II.-Le chapitre III du titre Ier du livre VI de la première partie du code général des collectivités territoriales est complété par une section 3 ainsi rédigée :


« Section 3



« Fonds pour la réparation des dommages causés aux biens des collectivités territoriales et de leurs groupements par les calamités publiques
« Art. L. 1613-7.-I. ― Il est institué un fonds pour la réparation des dommages causés aux biens des collectivités territoriales et de leurs groupements par les calamités publiques. Ce fonds vise à la réparation des dommages causés à certains biens de ces collectivités et de leurs groupements par des événements climatiques ou géologiques de très grande intensité affectant un grand nombre de communes ou d'une intensité très élevée lorsque le montant de ces dommages est supérieur à six millions d'euros hors taxes.
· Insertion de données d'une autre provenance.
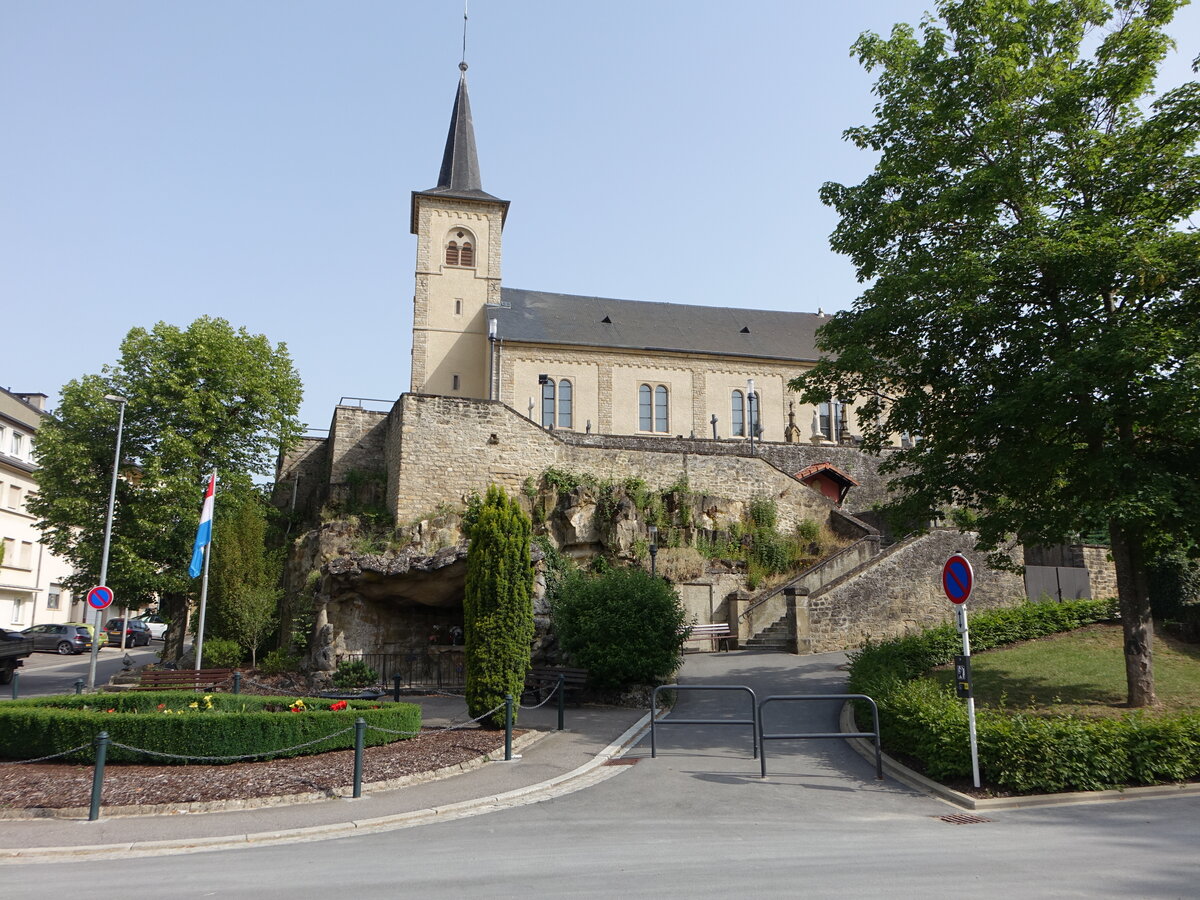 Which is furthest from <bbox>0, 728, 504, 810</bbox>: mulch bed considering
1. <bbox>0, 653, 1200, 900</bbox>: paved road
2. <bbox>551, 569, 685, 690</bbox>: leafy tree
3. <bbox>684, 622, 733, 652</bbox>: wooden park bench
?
<bbox>684, 622, 733, 652</bbox>: wooden park bench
Le montant des autorisations d'engagement et des crédits de paiement relatifs à ce fonds est voté chaque année en loi de finances.
« II. ― Les collectivités territoriales et groupements susceptibles de bénéficier de ces indemnisations sont les communes, les établissements publics de coopération intercommunale à fiscalité propre, les syndicats mentionnés aux articles L. 5711-1 et L. 5721-8, les départements, les régions et la collectivité territoriale de Corse. Les collectivités territoriales d'outre-mer et leurs groupements ne sont pas éligibles à une indemnisation au titre du présent fonds.
« III. ― Un décret en Conseil d'Etat fixe les modalités d'application du présent article. Il précise notamment la nature des biens pris en compte, les règles relatives à la nature et aux montants des dégâts éligibles ainsi que les différents taux d'indemnisation applicables. »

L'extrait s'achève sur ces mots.